▶ The input
──────

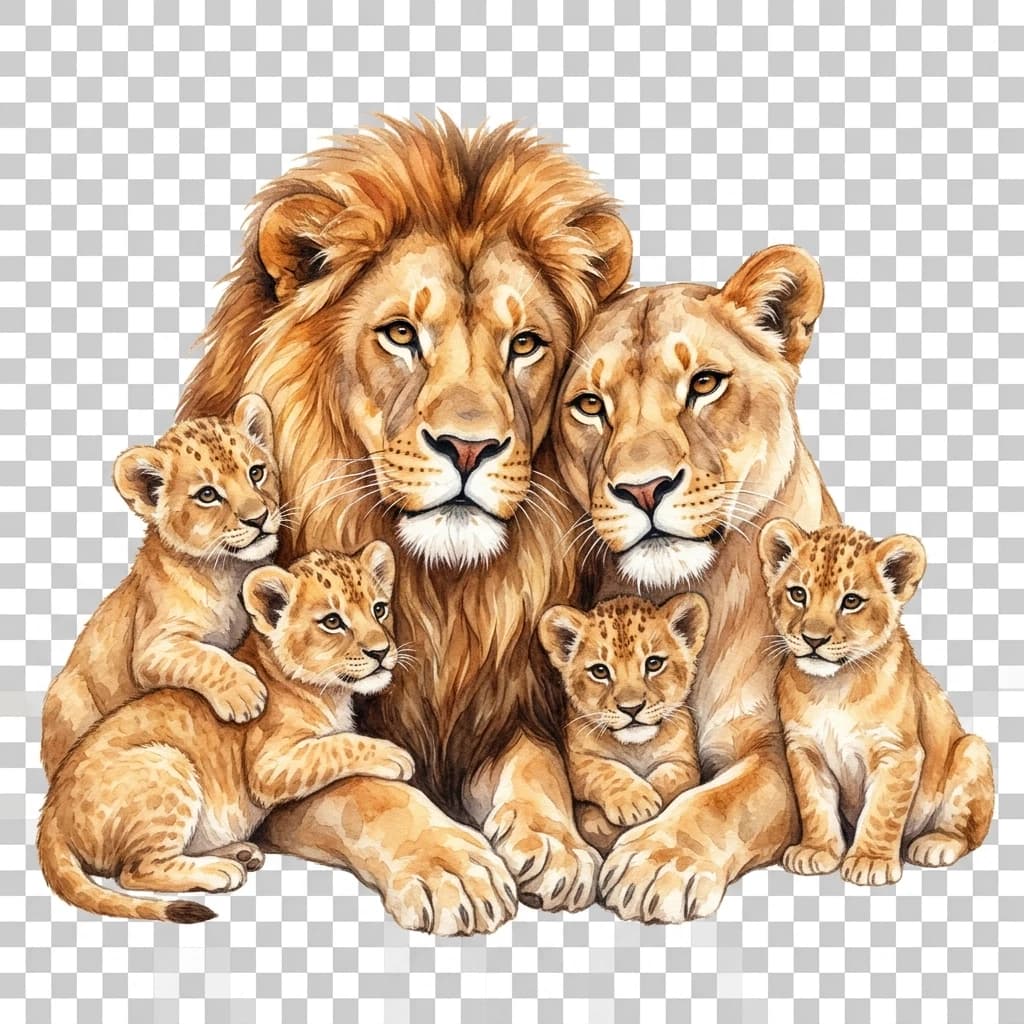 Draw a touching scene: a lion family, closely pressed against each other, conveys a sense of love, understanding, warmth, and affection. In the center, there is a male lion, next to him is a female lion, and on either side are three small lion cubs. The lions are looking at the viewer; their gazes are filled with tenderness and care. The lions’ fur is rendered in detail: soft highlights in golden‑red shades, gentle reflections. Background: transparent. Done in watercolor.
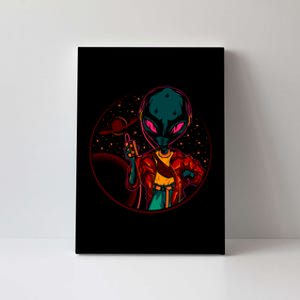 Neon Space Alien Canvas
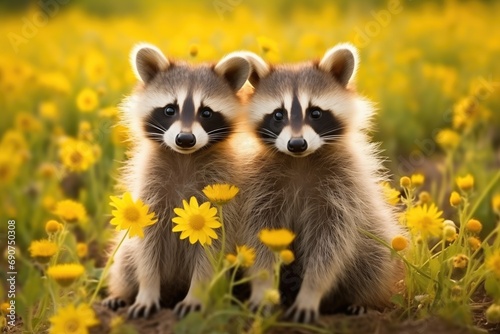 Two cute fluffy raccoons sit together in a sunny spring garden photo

──────

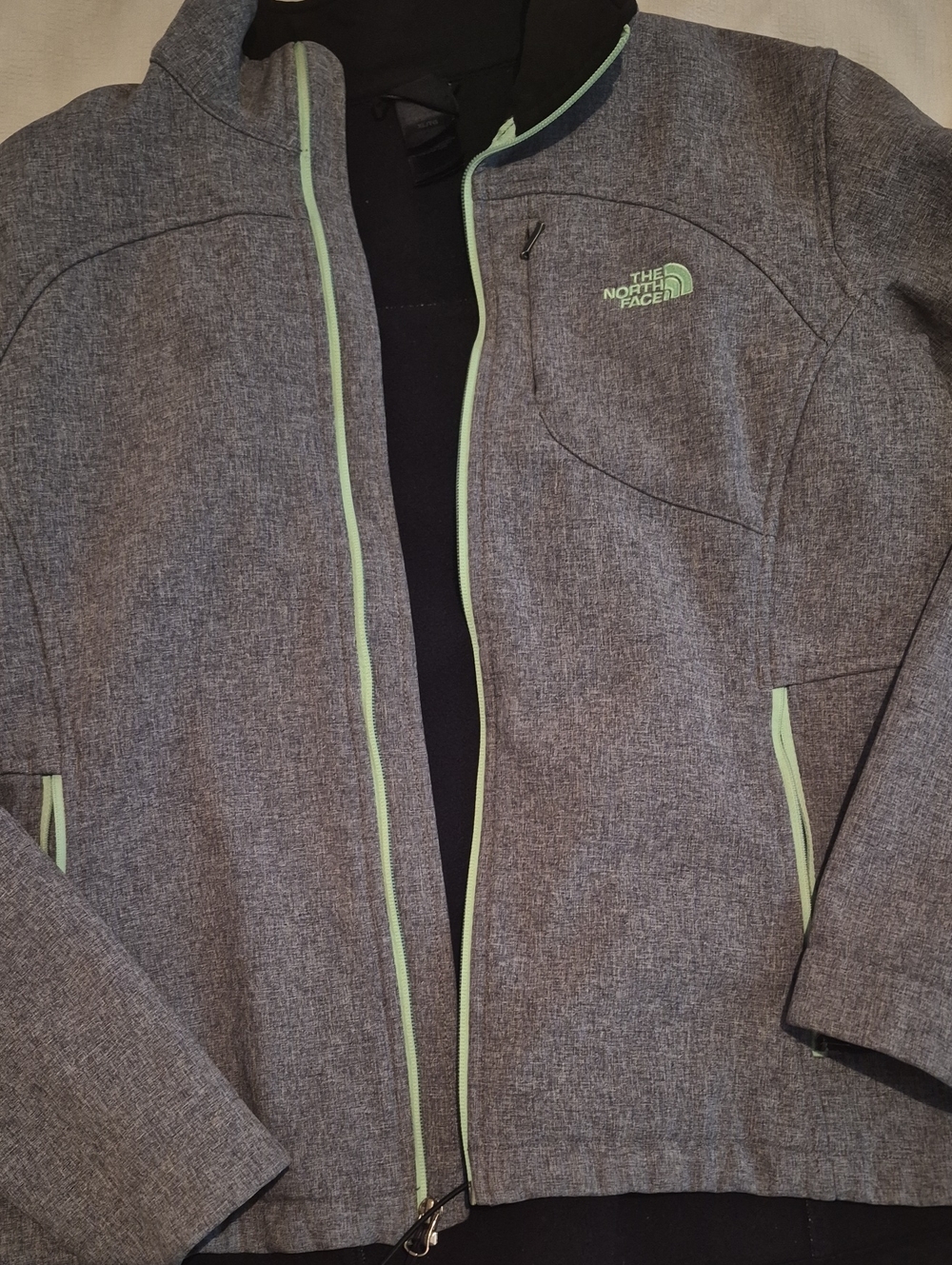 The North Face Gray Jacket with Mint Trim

──────

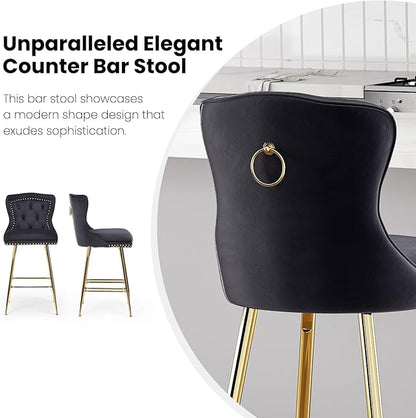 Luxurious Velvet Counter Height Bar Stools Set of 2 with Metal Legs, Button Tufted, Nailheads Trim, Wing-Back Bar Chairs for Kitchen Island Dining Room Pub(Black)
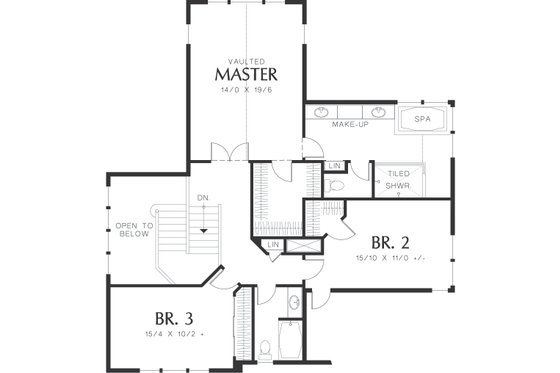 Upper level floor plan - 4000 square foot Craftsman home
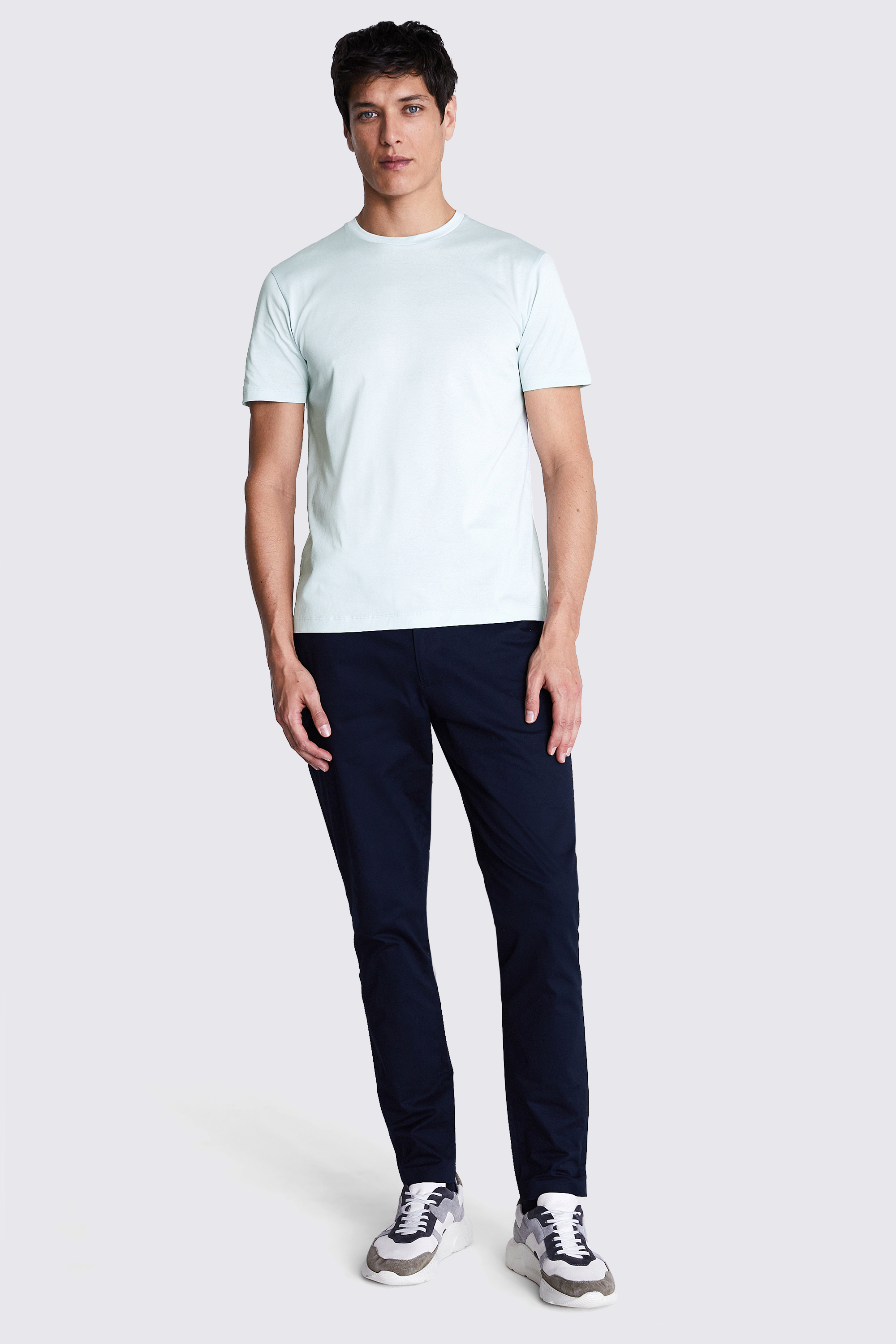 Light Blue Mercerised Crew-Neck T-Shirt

──────

▶ Your task
Set the pictures aside and retype exactly the lines above from the line with "Luxurious Velvet Counter" to the line with "Light Blue Mercerised Crew-Neck T-Shirt", both included, adding no others.

▶ Result of this exercise
 Luxurious Velvet Counter Height Bar Stools Set of 2 with Metal Legs, Button Tufted, Nailheads Trim, Wing-Back Bar Chairs for Kitchen Island Dining Room Pub(Black)
 Upper level floor plan - 4000 square foot Craftsman home
 Light Blue Mercerised Crew-Neck T-Shirt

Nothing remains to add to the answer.